> _Task goal_:
Every line below from the one with "蒙企智品 双头开口扳手 18mm/把高清大图" through the one with "Poster Saint Georges" is to be repeated exactly, with no picture among them.

> _Supplied records_:

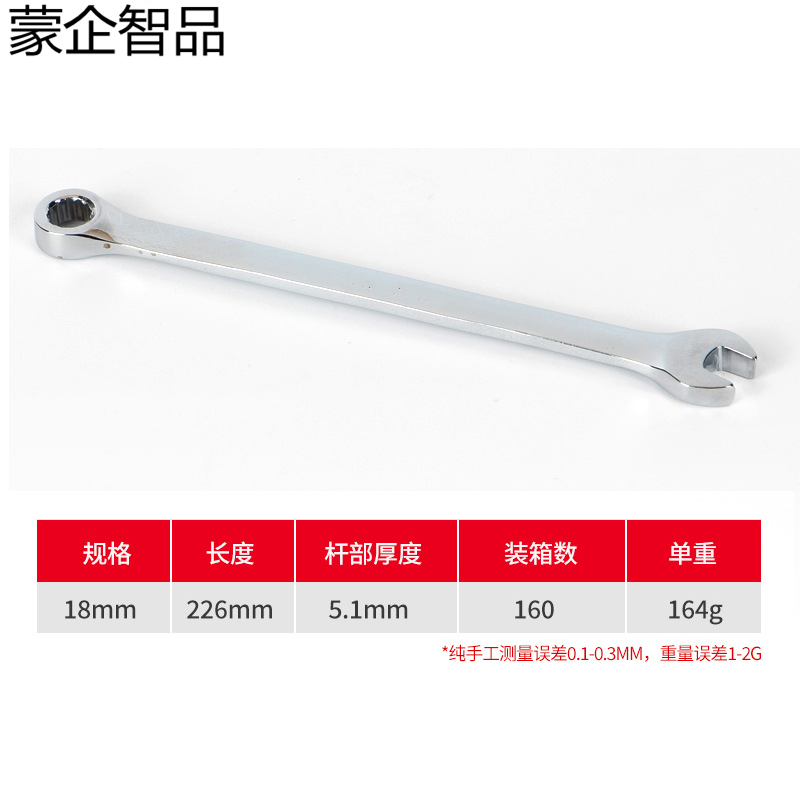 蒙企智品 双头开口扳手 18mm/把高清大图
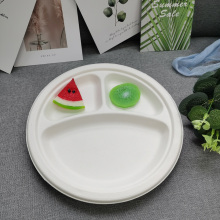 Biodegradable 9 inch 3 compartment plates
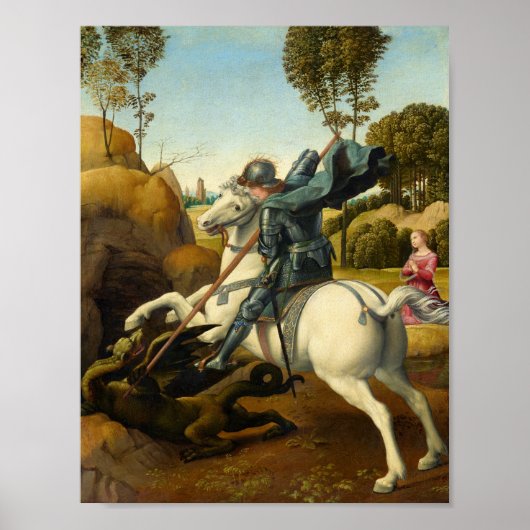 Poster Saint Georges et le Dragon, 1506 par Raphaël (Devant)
--
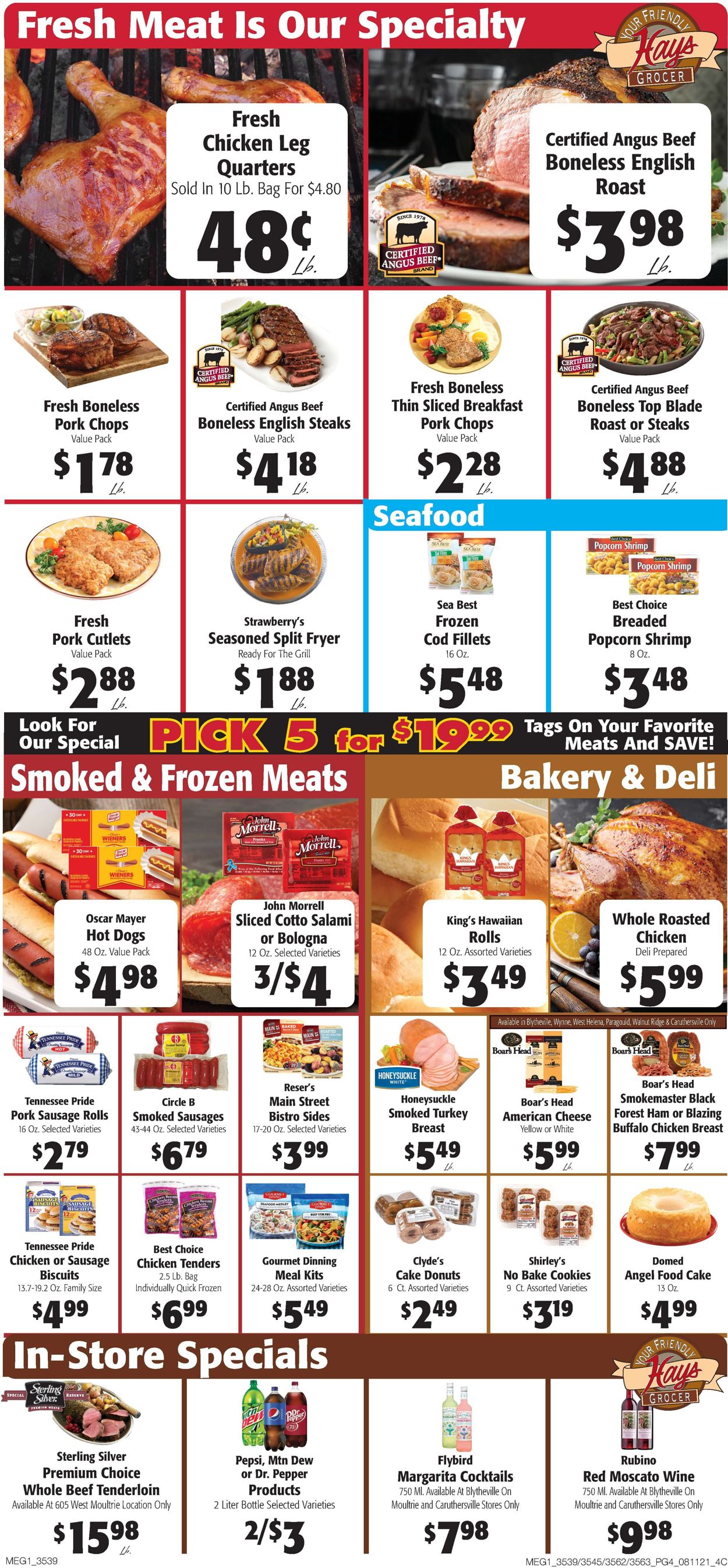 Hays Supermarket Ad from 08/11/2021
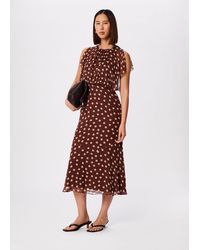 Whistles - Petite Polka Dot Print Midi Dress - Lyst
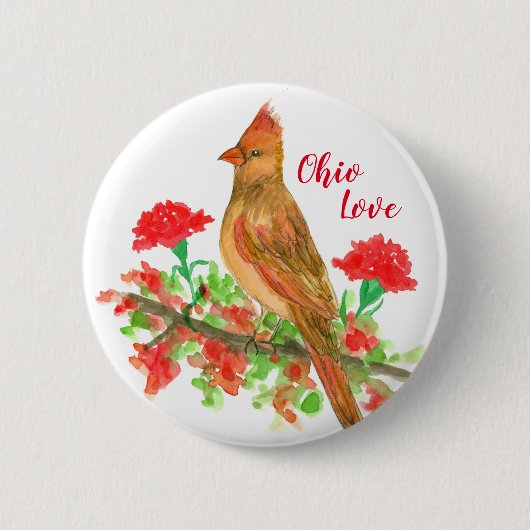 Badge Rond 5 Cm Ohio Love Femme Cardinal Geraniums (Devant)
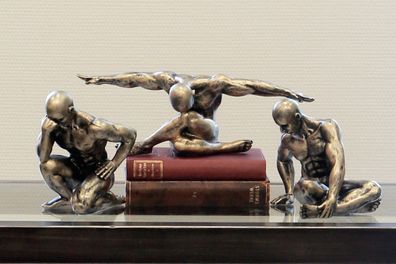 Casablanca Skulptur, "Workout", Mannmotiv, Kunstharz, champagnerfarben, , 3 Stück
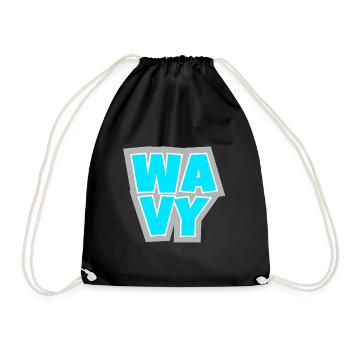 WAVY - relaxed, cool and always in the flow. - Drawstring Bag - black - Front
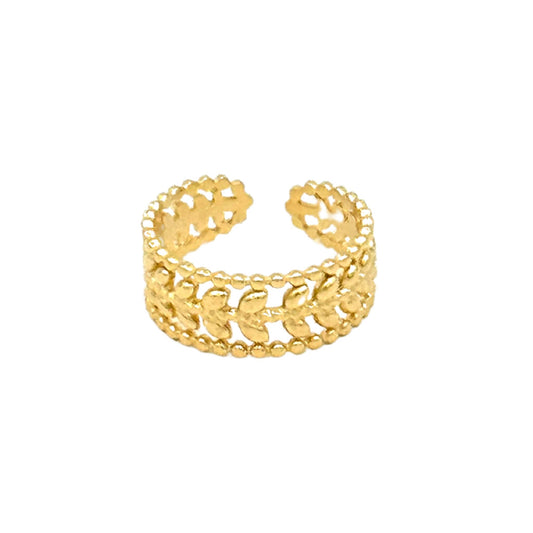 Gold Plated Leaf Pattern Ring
...
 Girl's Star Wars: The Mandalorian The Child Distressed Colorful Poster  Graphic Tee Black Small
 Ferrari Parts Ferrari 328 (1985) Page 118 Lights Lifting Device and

> _Finished exercise_:
 蒙企智品 双头开口扳手 18mm/把高清大图
 Biodegradable 9 inch 3 compartment plates
 Poster Saint Georges et le Dragon, 1506 par Raphaël (Devant)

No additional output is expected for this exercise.